Melawan Melalui Lelucon
Oleh: K.H. Abdurrahman Wahid
Seorang pejabat tinggi negara kita bercerita di muka umum tentang banyaknya orang Indonesia yang mengobatkan dan memeriksakan gigi mereka di Singapura. Apakah sebabnya karena kita kekurangan dokter gigi, ataukah karena kualitas dokter gigi rendah? Ternyata tidak, karena yang menjadi sebab adalah di Indonesia orang tidak boleh membuka mulut.
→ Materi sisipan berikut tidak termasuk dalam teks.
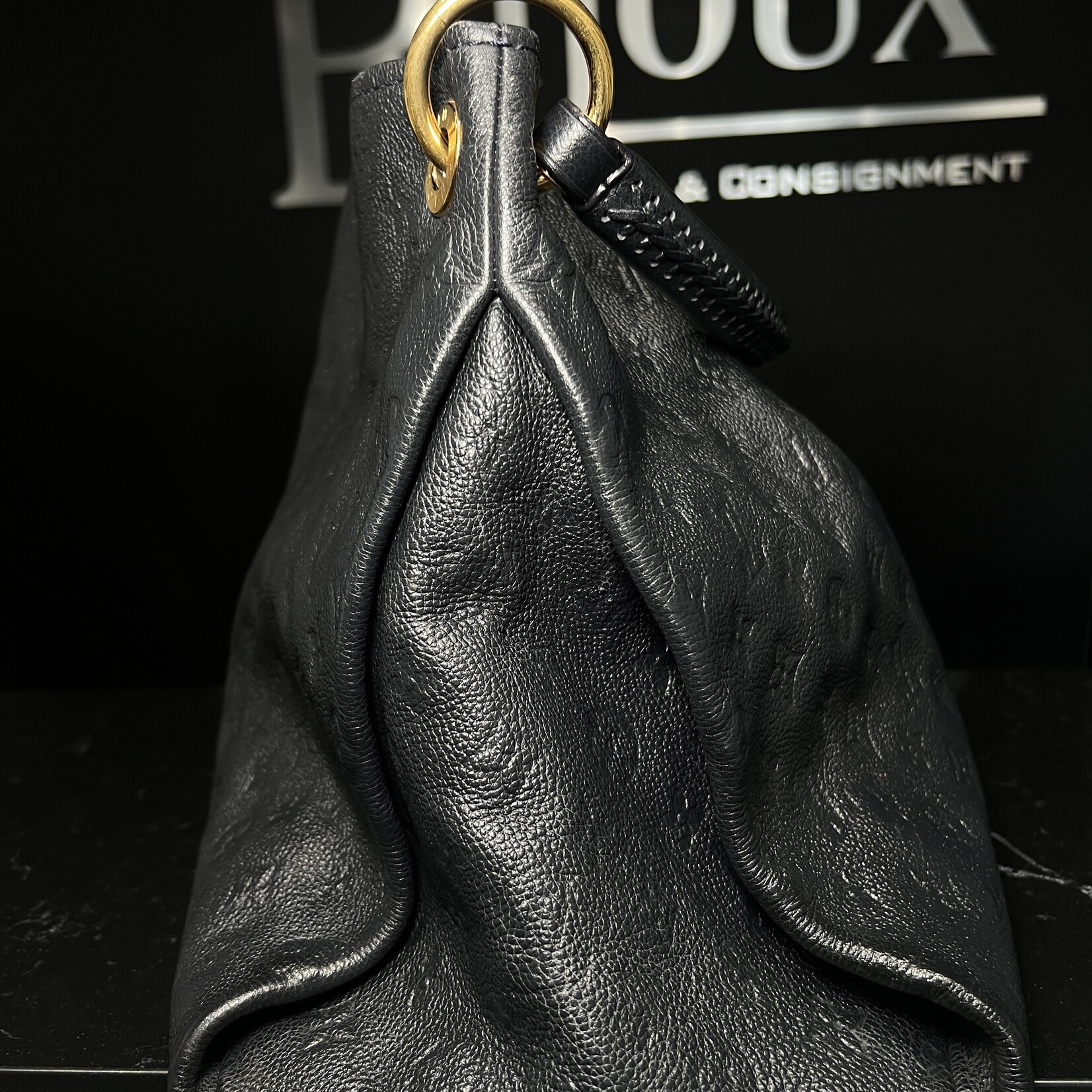 Louis Vuitton Louis Vuitton Artsy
Lelucon seperti ini jelas merupakan protes terselubung (atau justru tidak) atas sulitnya menyatakan pendapat di negeri kita saat ini, sebagai akibat banyak ketentuan diberlakukan, seperti SARA (suku, agama, ras, dan antargolongan).
Protes dengan lelucon memang tidak efektif, kalau dilihat dari sudut pandang politik. Memangnya ada gerakan politik besar dilandaskan pada lelucon semacam ‘manifesto politik’-nya! Belum lagi betapa lucunya kalau program partai atau Golkar mencatumkan kalimat ‘menyalurkan aspirasi rakyat melalui lelucon’. Begitu juga akan ada kesulitan besar ketika nanti harus dirumuskan penafsiran resmi atau lelucon yang ditampilkan oleh gerakan politik.
Akan tetapi, lelucon sebagai wahana ekspresi politis sebenarnya memiliki kegunaannya sendiri. Minimal, ia akan menyatukan bahasa rakyat banyak dan mengidentifikasi masalah-masalah yang dikeluhkan dan diresahkan.
Ambillah misal lelucon berikut dari Mesir, di kala mendiang Presiden Nasser masih berkuasa. Di masa itu larangan bepergian ke luar negeri masih ketat. Nah, pada suatu hari Nasser mengunjungi patung Sphinx (dalam bahasa Arab dikenal sebagai Abul Haul) dekat piramida di Giza, di luar kota Kairo.
Ingin berkonsultasi, Nasser tidak memperoleh jawaban sepatah pun dari patung singa berkepala manusia yang sudah ribuan tahun usianya itu. Penjelasan Nasser bahwa ia adalah presiden yang berkuasa penuh tidak menghasilkan jawaban apa pun. Berkali-kali hal itu terjadi, hingga suatu kali habis kesabaran Nasser. Dijanjikannya, kalau saja Sphinx itu mau menjawab maka apa pun permintaannya akan dituruti Nasser. Dengan penuh lara, menjawablah sang Sphinx: ‘Exit Permit’.
Lelucon juga memiliki kemampuan untuk menggalang kesatuan dan persatuan, minimal dengan jalan mengidentifikasi ‘lawan bersama’, seperti yang diibaratkan oleh lelucon berikut dari Polandia. Dua orang bertemu, yang satu bertanya kepada kawannya: ‘Hadiah apa yang diperoleh kalau memamerkan lambang Serikat Buruh Solidaritas di Moskow?’ Kawannya menjawab tidak tahu: ‘Apakah hadiahnya?’ Sang penanya pun kemudian menjawab sendiri teka-tekinya itu: ‘Dua buah gelang dan satu rantai.’ Kawannya kembali bertanya: ‘Gelang apakah? Emas atau perak?’ Dijawab oleh sang penanya dengan singkat: ‘Borgol’.
Lelucon juga dapat berfungsi kritik terhadap keadaan tidak menyenangkan di tempat sendiri, seperti lelucon pertama yang diuraikan oleh penulis di permulaan tulisan ini. Atau seperti lelucon berikut dari Suriah: seorang atlet lari dari Suriah memenangkan emas lomba lari olimpiade. Prestasi mengagungkan di arena demikian terhormat. Pantas saja ia langsung diwawancarai, ditanya apa rahasia kemenangannya itu. ‘Mudah saja,’ jawabnya. ‘Tiap kali bersiap-siap akan start, saya bayangkan ada serdadu Israel di belakang saya yang mau menembak saya’.